La frase es del canciller de hierro prusiano, Otto von Bismarck, victorioso guerrero sin ni siquiera ser militar. La traigo a cuenta porque si en nuestro país nunca faltaron las mentiras, en los tiempos que corren han copado de tal manera el ambiente que lo extraño sería pescar alguna verdad mal puesta.

En nombre del zarandeado socialismo siglo XXI se miente a consciencia. “El fin justifica los medios”, asegura la célebre fábula que maliciosamente le atribuyen al brillante Nicolás Maquiavelo. Si aceptáramos la risible teoría de que la revolución bolivariana y el socialismo que agita furiosamente, pavimentan el camino hacia la suprema felicidad, mentir en su nombre sería piadoso y justificado. Los escrúpulos que se tengan por falta de adiestramiento en la falacia serán inaceptables debilidades burguesas.

Maduro, al igual que su antecesor, no ha ido nunca ni irá a una guerra. No obstante las advertencias y convicciones bélicas no se le caen de la boca. Ese fue el drama de Chávez. Retaba todos los días al ejército más poderoso del mundo.

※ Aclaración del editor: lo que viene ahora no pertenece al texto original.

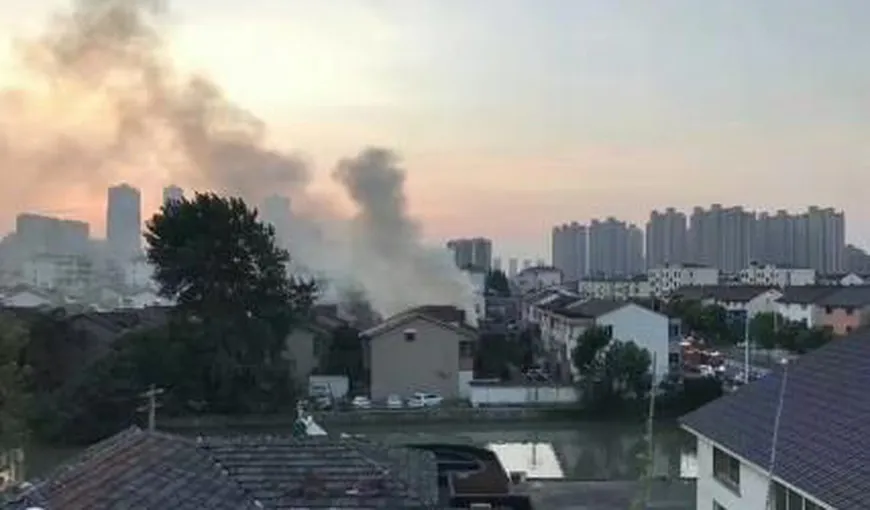 Tragedie în China: Un incendiu izbucnit într-o clădire cu două etaje a făcut cel puţin 22 de morţi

Lo hacía, claro, a sabiendas de que los gringos no tenían la menor intención de invadir Venezuela, mucho menos para sacarse de encima a un provechoso enemigo que no hace sino ladrar mientras mantiene a a velocidad de crucero la relación comercial con el supuesto invasor.

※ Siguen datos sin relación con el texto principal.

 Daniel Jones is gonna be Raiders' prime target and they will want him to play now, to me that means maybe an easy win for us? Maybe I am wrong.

Maduro es igual. No se le conoce alguna modesta pelea esquinera, no digamos “guerra”. Pero la muerte de Chávez lo ha puesto a repetir sus malas costumbres. Amenaza al imperio con baterías antiaéreas en los barrios caraqueños y con un puñado de malandros disfrazados de milicianos, pero en realidad a quien persigue es a los miembros de la oposición, sobre todo a los que lo montarán en la olla el 8D.

Entretanto, EEUU anuncia que siguen al alza en el exaltado e hidrocarburado país, tanto su comercio exterior como específicamente sus importaciones de derivados del petróleo. ¡Insigne escándalo!: Maduro le compra a la madraza de los magnicidios, todo lo que aquí dejó de producir, incluso gasolina y gasoil.

De la guerra y la cacería se regresa anunciando victorias imaginarias, y venados o jabalíes sacrificados por decenas, pero de las elecciones, de estas que contemplaremos el 8D, no esperes, buen Maduro, retorno airoso que valga. No obstante, la falacia te puede servir para inventar irrisorias excusas que enreden la fecha. Ya estás con el cuento de que la derecha de tus tormentos planea incendiarlas o dejarlas sumidas en un apagón.

El drama de Maduro es que nadie le cree. Ni los suyos. ¡Vamos hombre!, tendrás que asumir el reto electoral, bajar humildemente la cabeza y aceptar una eventual derrota. En ese caso te perdonarían seguramente el esfuerzo de demostrar que ese descalabro sería a su manera una secreta victoria.

¡A mentir pues, a mentir, a mentir hasta que la verdad resplandezca!